Pour son troisième long métrage à titre de réalisateur, Franck Dubosc a choisi d'arpenter le terrain de la comédie noire à saveur rurale à la manière des frères Coen. Plus précisément, Un ours dans le Jura joue allègrement dans les plates-bandes d'un certain Fargo.
Malgré tous les a priori que nous pouvions avoir, l'expérience se révèle étonnamment concluante.
Dubosc et sa coscénariste Sarah Kaminsky ne perdent d'ailleurs pas de temps avant d'empiler les cadavres. Un homme guidant un groupe de migrants à l'estomac bien rempli à travers les bois chute d'une falaise, puis une femme est heurtée accidentellement par une voiture, puis son complice finit empalé sur une branche d'arbre. Le tout en à peine quelques minutes.
Au milieu de tout ce bordel, nous retrouvons l'agriculteur Michel (Dubosc), dont le pickup a accidentellement heurté la voiture garée au bord de la route qui, à son tour, a heurté la femme mentionnée ci-haut après une manoeuvre effectuée pour éviter un ours qui se trouvait au milieu de la route.
Lorsque Michel mentionne l'incident à sa femme Cathy (Laure Calamy) à l'heure du repas, celle-ci est bien motivée à effacer toutes traces qui pourraient permettre aux autorités de remonter jusqu'à sa douce moitié. Son plan de match gagne toutefois rapidement en intensité après la découverte d'une arme à feu et d'un sac contenant deux millions d'euros à l'arrière de la bagnole accidentée.

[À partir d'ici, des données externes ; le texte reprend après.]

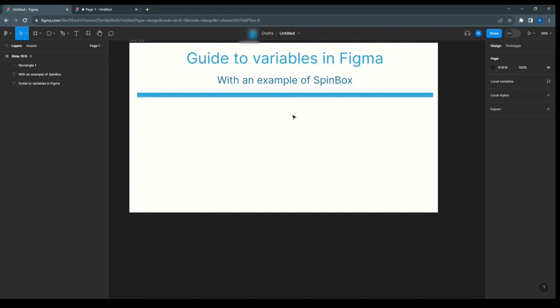Hello everyone, today I'm going to talk about variables in Figma with an example of the SpinBox.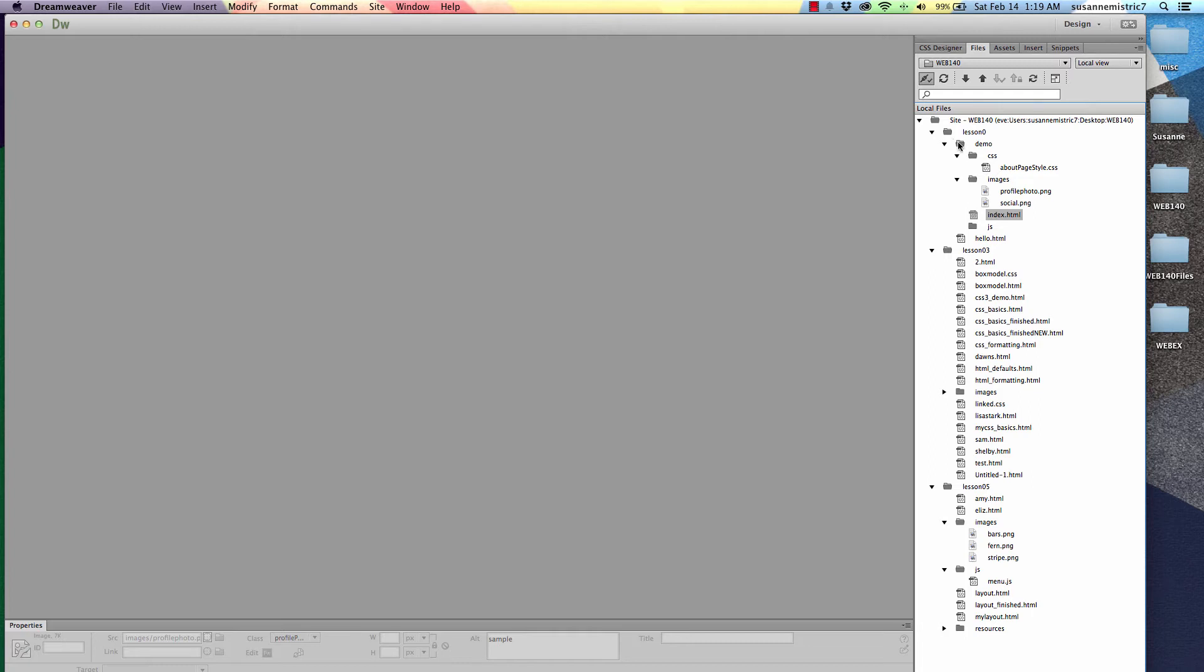The demo folder is inside the lesson 0 folder. And the index file is inside the demo folder because it steps in one step. It's not at the same level.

Il revient ensuite au gendarme Roland Bodin (Benoît Poelvoorde) de tenter de démêler cette sinueuse affaire - appelée à se complexifier encore davantage -, à peine quelques jours avant Noël. Les morts n'ont pas fini de s'accumuler dans cette région comptant pourtant moins de mille habitants.
Dès le départ, Un ours dans le Jura fait preuve d'une compréhension pour le moins réjouissante du fil séparant la candeur de la stupidité. Et Franck Dubosc et ses acolytes marchent sur cette fine ligne jusqu'à la toute fin, nous présentant des personnages qui ne sont pas nécessairement les plus dégourdis, mais dont les bulles au cerveau traduisent davantage un inconfort par rapport à la situation dans laquelle ils tentent tant bien que mal de manoeuvrer.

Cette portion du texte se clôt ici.